The Hampden clubs convened a
national meeting at the Crown and Anchor
public house in London. Several great
rallies at Spa Fields in December 1816 occurred just prior, attended by many
discharged and unemployed soldiers and sailors, out of which some incoherent and drunken rioting took place led by a fraction of the incompetent leadership. The Crown
& Anchor meeting proceeded in this context, endorsing the working-class
demand of the male franchise over the middle-class demand of the ‘householder’
franchise (only those with permanent addresses). Nothing else was achieved, the meeting ended
in confusion and the movement was subsequently smashed by government edicts due to the Spa Field riots. Cobbett then decamped and declared all
organization suspect. Much like so many present podcasters and leaders who ignore organization and remain basically journalists.
|
Mike Leigh's Peterloo Film |
PENTRIDGE
& PETERLOO
Thompson goes on to describe continuing
Radical self-organization in the factories, mills and rural towns back in the
Midlands with an impressive flurry of names, organizations, towns, quotes and events –
unfortunately separated 200 miles from London. Insurrectionists waited on
London; London waited on the Midlands; the pathetic happened. This
resulted in the failed 1817 Pentridge Uprising – 300 armed workers in Yorkshire,
along with several hundreds in other areas, egged on by a government agent in
London, Oliver, who claimed London too would rise. The Government got its wish and its
convictions, executing one Pentridge leader, Brandreth, who was probably a former Luddite. Thompson calls this the first
exclusively proletarian armed attempt in English history.
The Pentridge rising
undermined the legitimacy of physical force methods, leading directly to 1819 Peterloo rally's mass reformist
content. The violent attack on the rally illustrated that the primitive English regime was beginning to
shatter. Thompson claims a revolution
was possible in 1819 due to the extreme isolation of the English government
from nearly all groupings and classes except the most upper. This was the heyday of Radicalism and many reform and radical periodicals that spread across the country, like The Black Dwarf.

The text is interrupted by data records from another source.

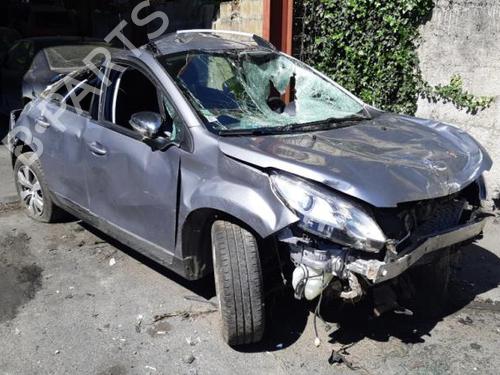 Starter PEUGEOT 2008 I (CU_) 1.6 VTi | BP24775747M8 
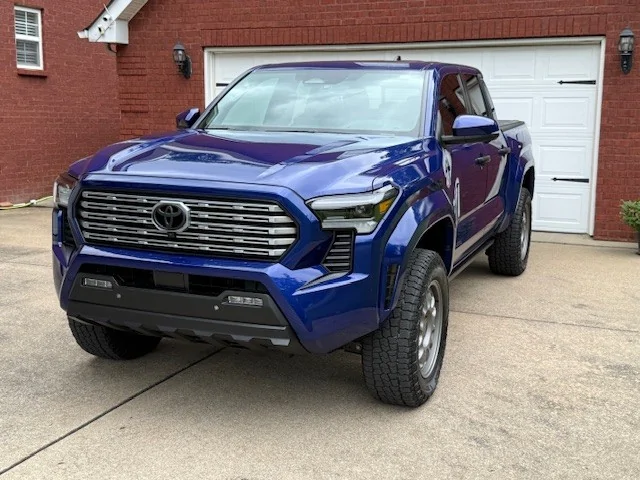 2024 Tacoma What did you drive before your Tacoma? 2025Taco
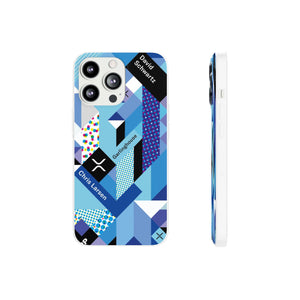 XRP Isometrik Phone Cases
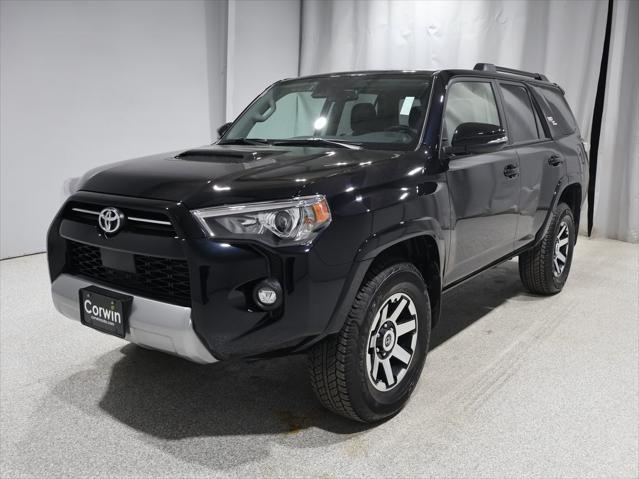 used 2023 Toyota 4Runner car, priced at $49,998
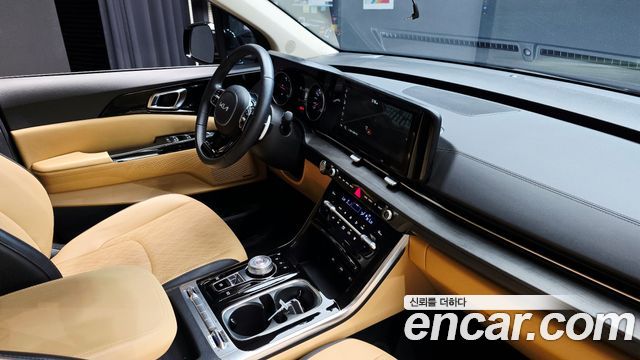Kia Carnival (IV) Diesel 9-Seater Noblesse 2023 — фото 24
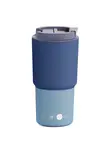PICK ME UP cestovný termohrnček PASTEL BLUE 650ml
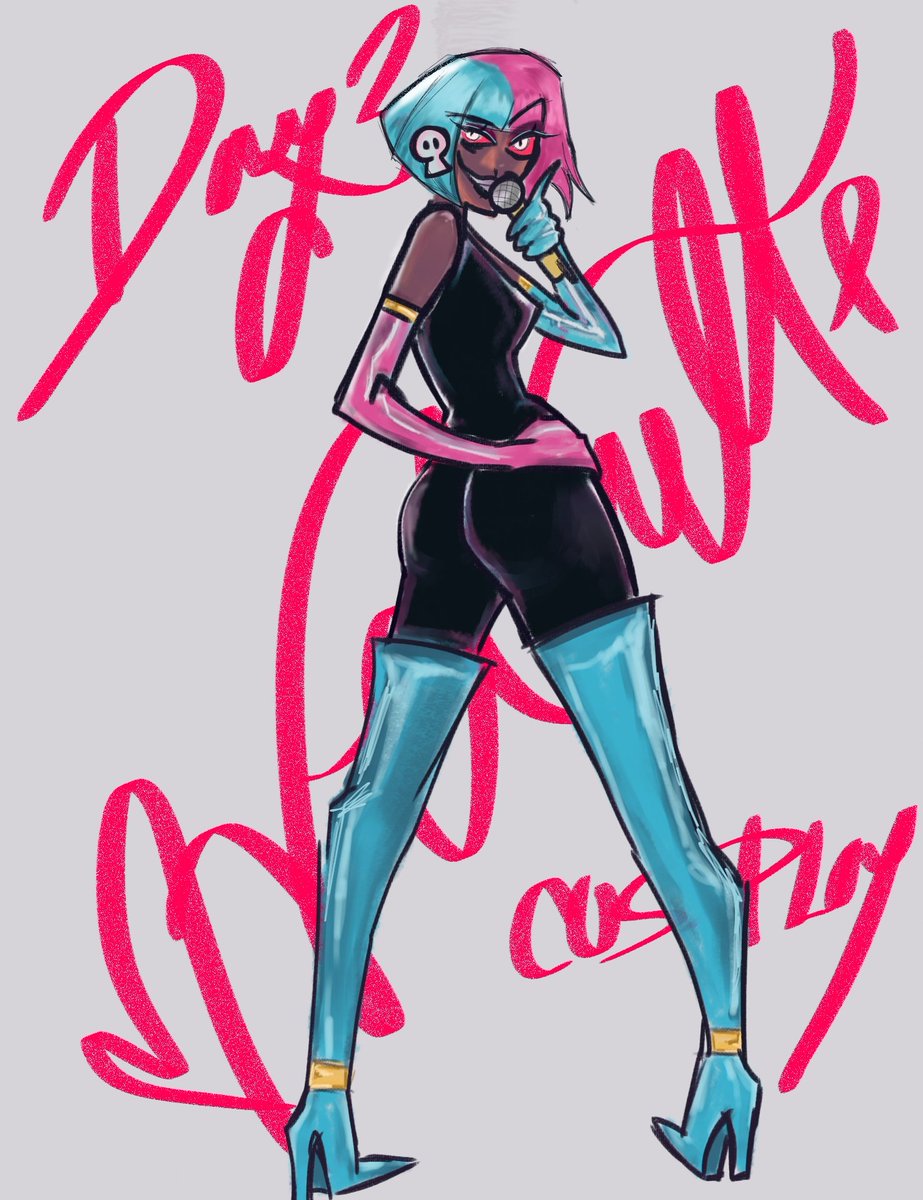 day 3 - by @jijijuujam on twitter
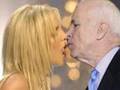 Britney and McCain in 2008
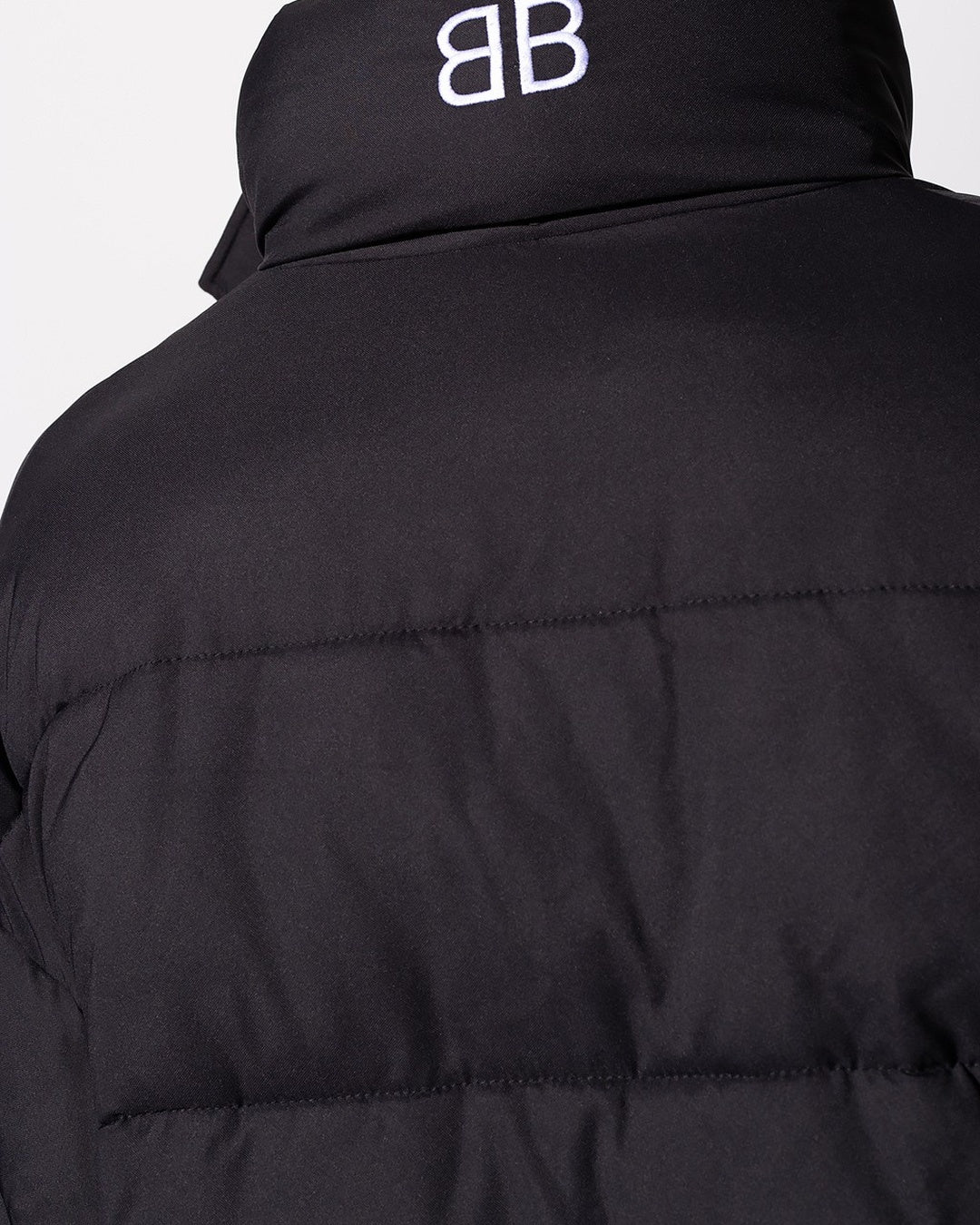 BB Puffer Black Jacket Balenciaga оригінал – Купити в Україні – детальний вид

Disciplined mass meetings started
to be held in large cities, in defiance of the laws. Unions began to openly
display their banners in processions. A
National Convention had been proposed based on male suffrage, to challenge the
government as a form of dual power. At St.

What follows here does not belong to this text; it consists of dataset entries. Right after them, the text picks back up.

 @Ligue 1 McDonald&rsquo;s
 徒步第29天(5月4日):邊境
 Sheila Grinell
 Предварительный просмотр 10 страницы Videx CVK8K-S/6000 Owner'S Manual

Peter’s Fields in Manchester, the 60-100K of ‘rabble’ had become an organized
class – a prospect even more terrifying to the owners and elite. The ‘Peterloo’

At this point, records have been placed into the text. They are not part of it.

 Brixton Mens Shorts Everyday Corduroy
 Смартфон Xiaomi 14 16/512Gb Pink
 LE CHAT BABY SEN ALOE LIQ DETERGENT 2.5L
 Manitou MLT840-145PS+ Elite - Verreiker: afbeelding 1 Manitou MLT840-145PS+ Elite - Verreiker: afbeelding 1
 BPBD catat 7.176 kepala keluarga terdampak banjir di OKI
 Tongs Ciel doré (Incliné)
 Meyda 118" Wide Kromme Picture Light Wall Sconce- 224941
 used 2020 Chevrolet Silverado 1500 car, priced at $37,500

massacre in Manchester on St. Peter's Fields was an attempt to stop this working class movement
nationwide, the Government calling it ‘treason.’ Thompson thinks concessions by the ruling class would have led to some
kind of working-class victory, as the middle-class reformers were too weak.
Hussars and “Yeomanry” on
horses (the Yeomanry were local gentry, owners, shopkeepers - the 'Whites; of their day...) slashed and
killed defenseless men, women and children from horseback – 11 dead, 571 injured. This was a
major historic turning point in English history. 300,000 greeted Hunt as he was
conveyed to London for trial after his arrest, as the whole country was angry or upset. The massacre conjured up huge demonstrations
all over the country, in defiance. 100k
pitman demonstrated in the coal field shires.
Military drilling and guns resumed in the Midlands. But again, the stupid
weaknesses of Radical leaders like Hunt, the lack of national organization, the
split between revolutionary and Constitutionalist wings; the repression of the
Government made it all come to naught.
Subsequently dozens of leaders were
imprisoned in 1820. Thistlewood, a more left leader who wanted to revenge Peterloo, was executed for the desperate London ‘Cato Street’
conspiracy. More scattered attempts at insurrection surfaced in the north,
Scotland and the Midlands. But it was
done.
Prior blog reviews on this
subject, use blog search box, upper left, to investigate our 15 year archive,
using these terms: “Making of the English Working Class” (Parts 1,2 and 3);“Class – the New Critical Idiom,” “Chavs – the
Demonization of the Working Class,” “Class Against Class – the Miner’s Strike”
(Matgamna); “Left Confusion on Brexit,” “The City” (Norfield); “Pride,” “Mr.
Turner” (Leigh); “Coming Up For Air”(Orwell); “Monsters of the Market”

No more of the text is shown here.